Stimulating the brain can improve the effectiveness of cochlear implants

People with cochlear implants can recognize speech within hours of implantation, while others take months or years. Photo by Michael Matthey/dpa/Alamy

The researchers found that stimulating neurons associated with alertness helped rats implanted with cochlear implants learn to recognize tunes quickly. The findings suggest that activity in the blue spot (LC) region of the brain can improve hearing in deaf rodents. The researchers say the findings are important for understanding how the brain processes sounds, but this approach is still a long way from helping humans. The study was published Dec. 21 in Nature.

Cochlear implants use electrodes in the inner ear area called the cochlea, a device that converts sound into electrical signals that stimulate the auditory nerve, and the brain learns to process these signals to understand the auditory world.

Some people with cochlear implants learn to recognize speech within hours of implanting the device, while others take months or years. “This problem has been around since the advent of cochlear implants and shows no signs of a solution.” Gerald Loeb of the University of Southern California in Los Angeles says he helped develop the first generation of cochlear implants.

The researchers said a person’s age, the duration of hearing loss, and the type of processor and electrodes in the implant did not explain the difference, meaning the brain may be the source of the difference. “It’s kind of like a black box.” Daniel Polley, an otolaryngologist at Harvard Medical School in Boston, Massachusetts, said most previous research has focused on improving cochlear devices and implant procedures.

Trying to improve the brain’s ability to use the device, Polley said, opens a path to improved communication between the ear and the brain.

To explore this relationship, the team trained 16 rats to respond to music. When a particular tune is heard, the animal can stick its nose into the box to get a reward. When they hear other tunes, the food doesn’t appear, and the rats learn not to stick their noses out.

The researchers then surgically deaf the rat and implanted a cochlear implant with 8 electrodes in the rat’s ear, each encoding a tune. The authors repeated the task, only this time, when the researchers stimulated the electrodes, the animals heard tunes that matched the food reward.

The authors report that after 15 days, the rats all learned to distinguish between tunes that offered a reward and those that did not. The researchers noticed that the activity of LC neurons increased when the animals responded correctly to the tune, while the activity of LC neurons decreased when they poked and made mistakes randomly.

Although LC is not part of the auditory system, it provides the system with the neurotransmitter norepinephrine, which increases alertness; LC also plays a role in cognition, learning and memory, as well as attention. When LC releases norepinephrine throughout the auditory system and the brain’s learning and attention circuits, it accelerates the learning and processing of auditory signals.

In another test, the authors stimulated LC in one group of rats and none in another. Unstimulated rats took 9 days to complete the task, while LC stimulated rats took only 3 days to learn.

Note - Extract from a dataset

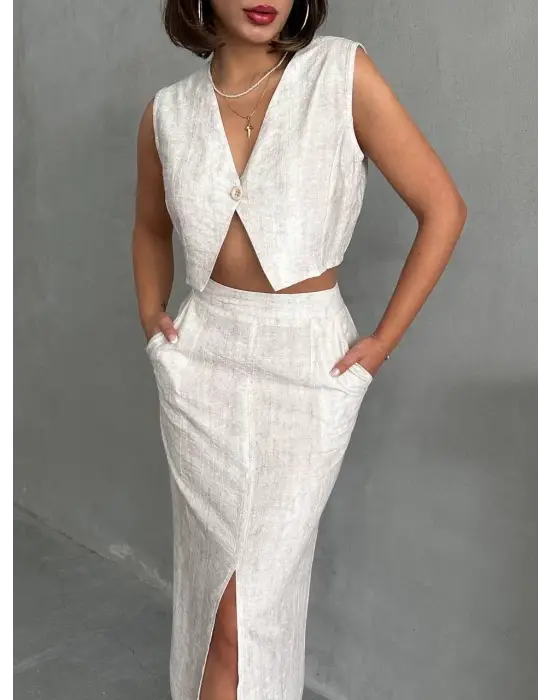 Şık Çilek Takım Etek Yelek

Froemke was amazed at how powerful LC can be in helping animals use cochlear implants.

Researchers warn that stimulating LC in humans could be dangerous. This area sends signals to many brain regions and regulates the fight-or-flight response. Graeme Clark, an otolaryngologist at the Graeme Clark Institute at the University of Melbourne in Australia who developed the first multichannel cochlear implant in the 70s of the 20th century, said that stimulating a person’s LC “raises blood pressure and heart rate, and induces other autonomic responses.”

But Clark says there are other ways to get brain circuits to work with devices, such as introducing neurotransmitters at the cochlear level, which are much safer.

Co-author Robert Froemke, an otolaryngologist at New York University School of Medicine, said that in the future, tools that use technology to improve hearing perception may be attached to cochlear implants, which people can use to train themselves. (Source: Li Muzi, China Science News)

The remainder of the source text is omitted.